Task to carry out:
Wherever a picture appears in the listing below, leave it out and reproduce the rest exactly.

Given data:
____________________

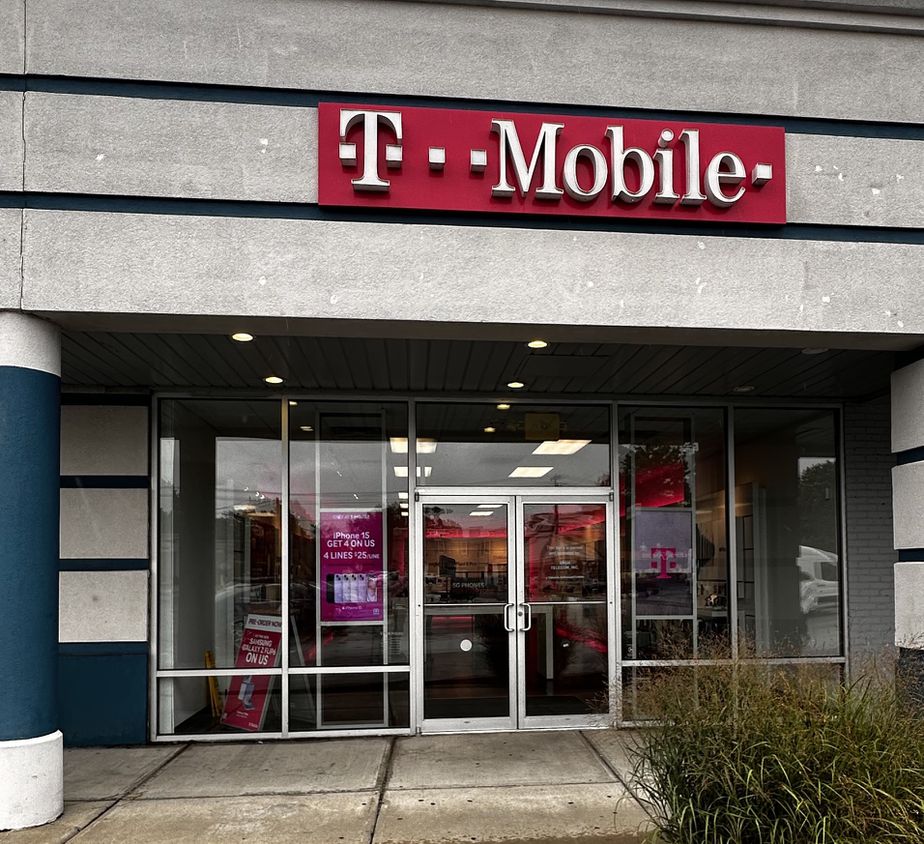 Exterior photo of T-Mobile Store at Payne Ave & Meadow Drive, North Tonawanda, NY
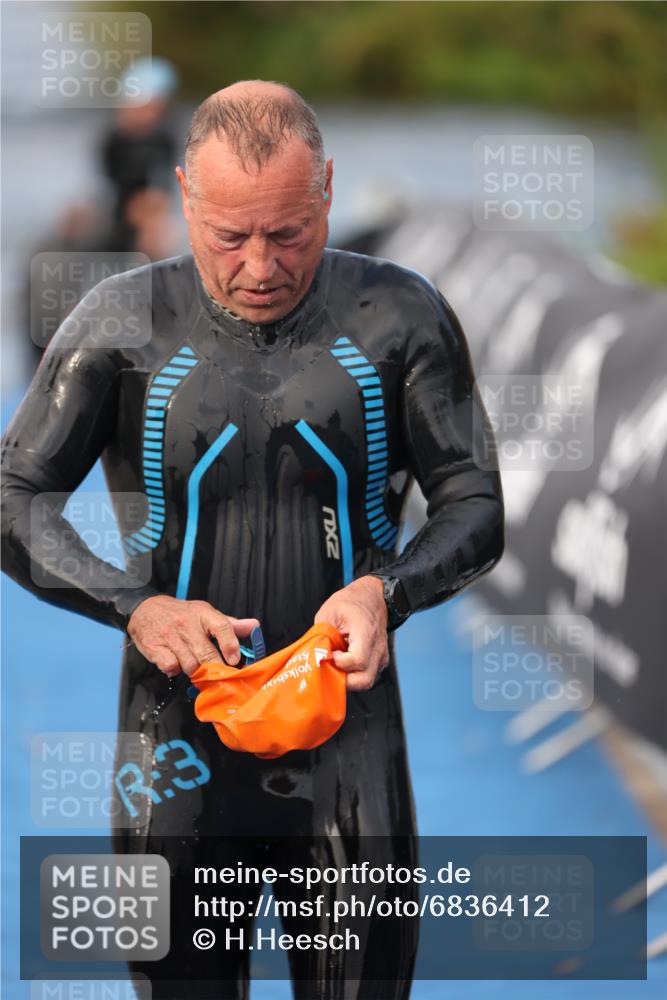 25.08.2024 - Elbe Triathlon Hamburg H.Heesch http://msf.ph/oto/6836412 25.08.2024 08:35:51 Schwimmen 45, 59, 72, 87, 98 meine-sportfotos.de
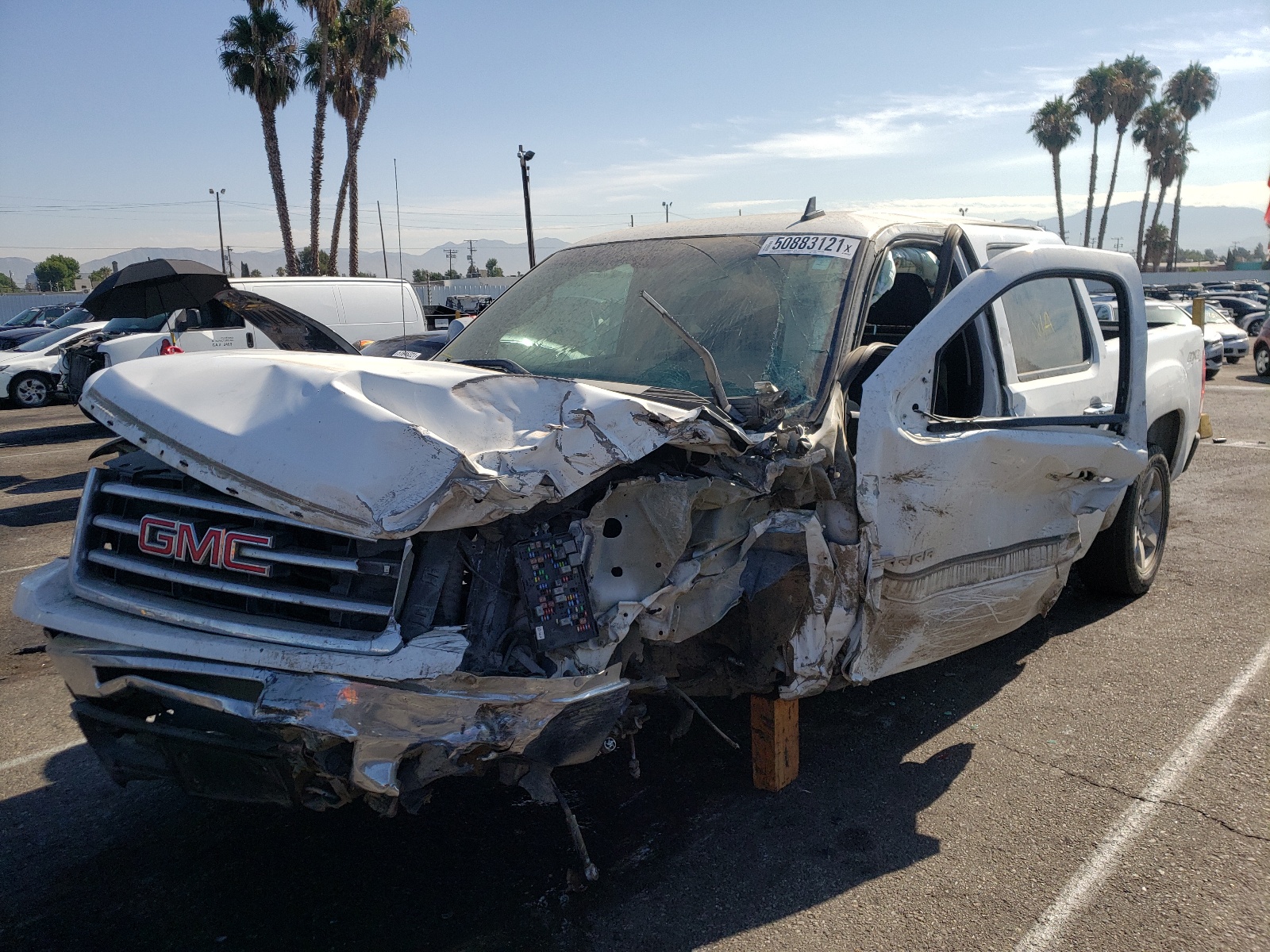 Image 2 of 2012 GMC SIERRA K1500 SLE 2012 with VIN 3GTP2VE75CG139357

____________________

Your response:
 Exterior photo of T-Mobile Store at Payne Ave & Meadow Drive, North Tonawanda, NY
 25.08.2024 - Elbe Triathlon Hamburg H.Heesch http://msf.ph/oto/6836412 25.08.2024 08:35:51 Schwimmen 45, 59, 72, 87, 98 meine-sportfotos.de
 Image 2 of 2012 GMC SIERRA K1500 SLE 2012 with VIN 3GTP2VE75CG139357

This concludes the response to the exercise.